* **AIM OF THE EXERCISE**: Should an entry contain an image, leave the image out and repeat the entry's text exactly.

* **PROVIDED DATA**:
•••••
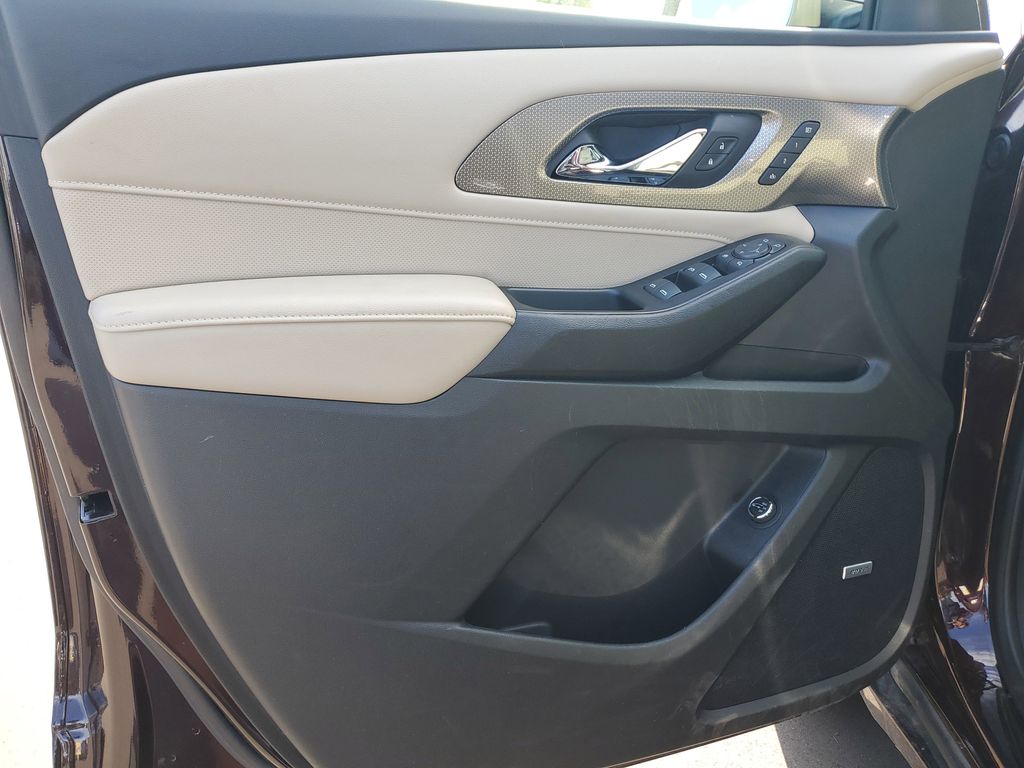 2023 Chevrolet Traverse Premier photo 12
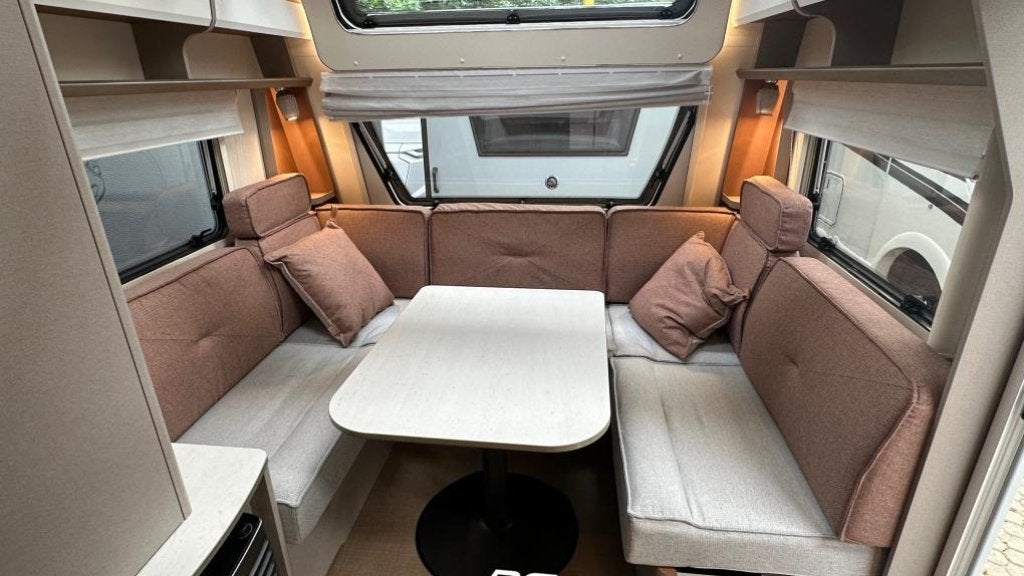 Bürstner Averso Harmony Line 535 TL ENKEL BED VLOER, Rondzit, Bedrijf, Bürstner, 6 tot 7 meter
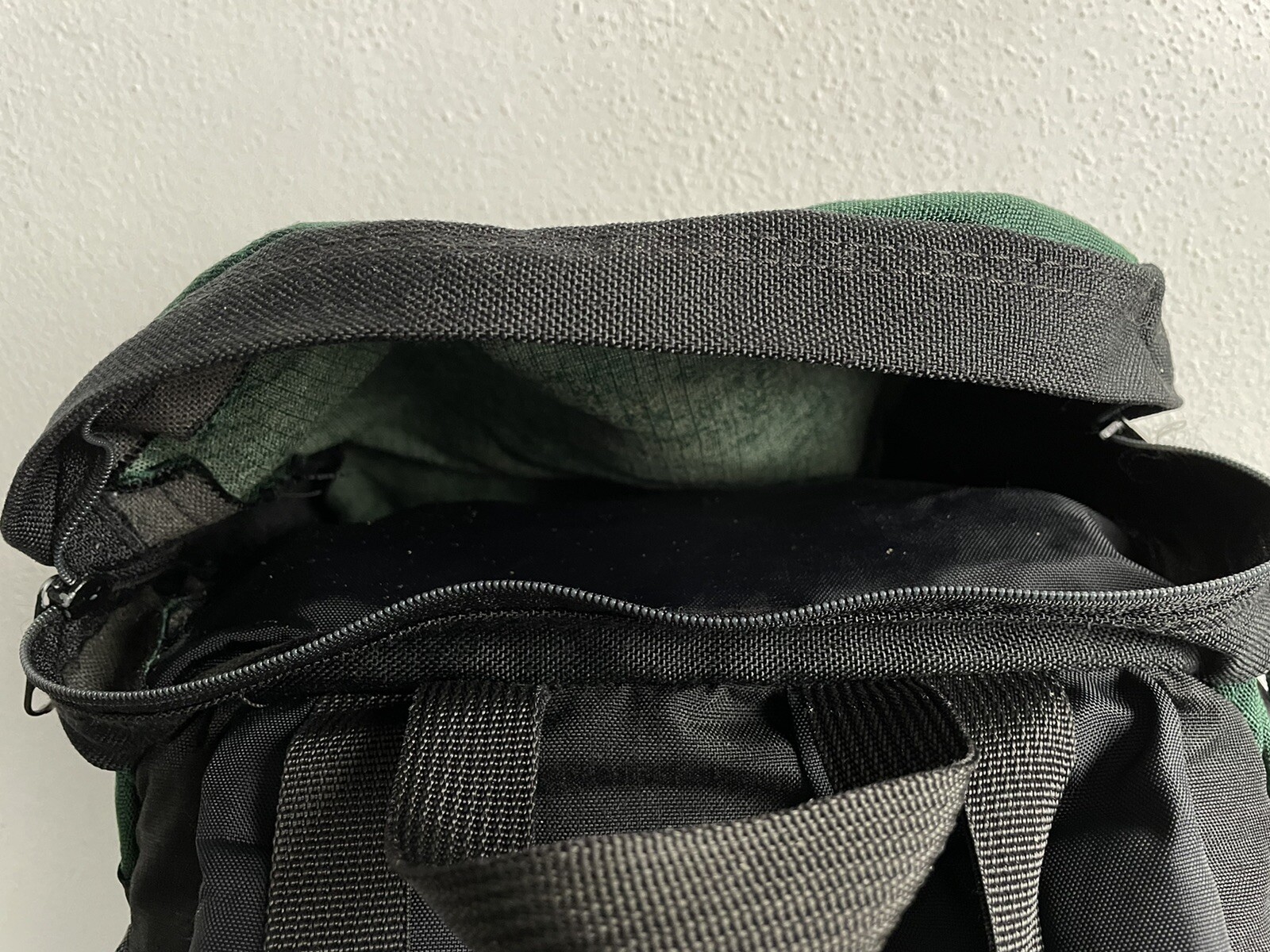 JANSPORT Backpack LARGE Hiking Trail Pack Cinch Top M… Gem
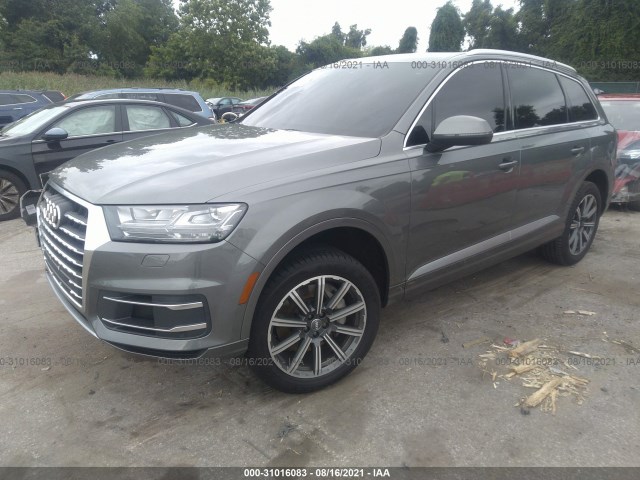 WA1LAAF71HD018073  audi q7 2017 IMG 1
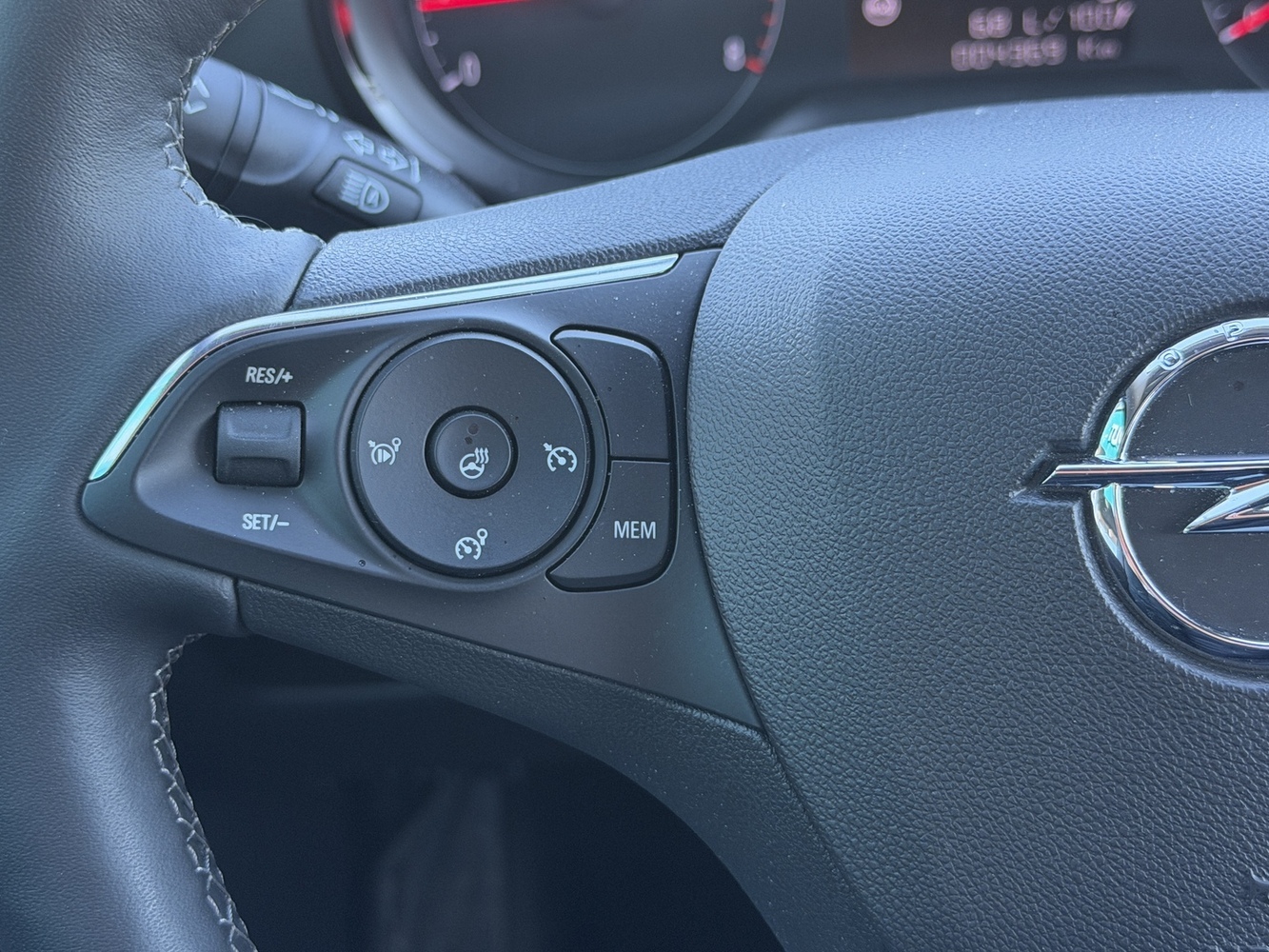 Opel Crossland vaihtoauto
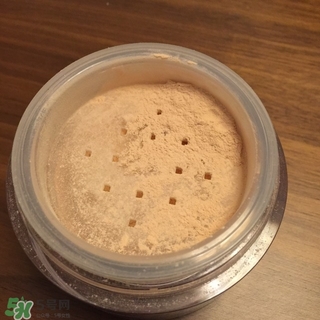 bareminerals什么值得買？bareminerals貝茗明星產(chǎn)品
•••••
* **EXERCISE RESPONSE**:
 2023 Chevrolet Traverse Premier photo 12
 Bürstner Averso Harmony Line 535 TL ENKEL BED VLOER, Rondzit, Bedrijf, Bürstner, 6 tot 7 meter
 JANSPORT Backpack LARGE Hiking Trail Pack Cinch Top M… Gem
 WA1LAAF71HD018073  audi q7 2017 IMG 1
 Opel Crossland vaihtoauto
 bareminerals什么值得買？bareminerals貝茗明星產(chǎn)品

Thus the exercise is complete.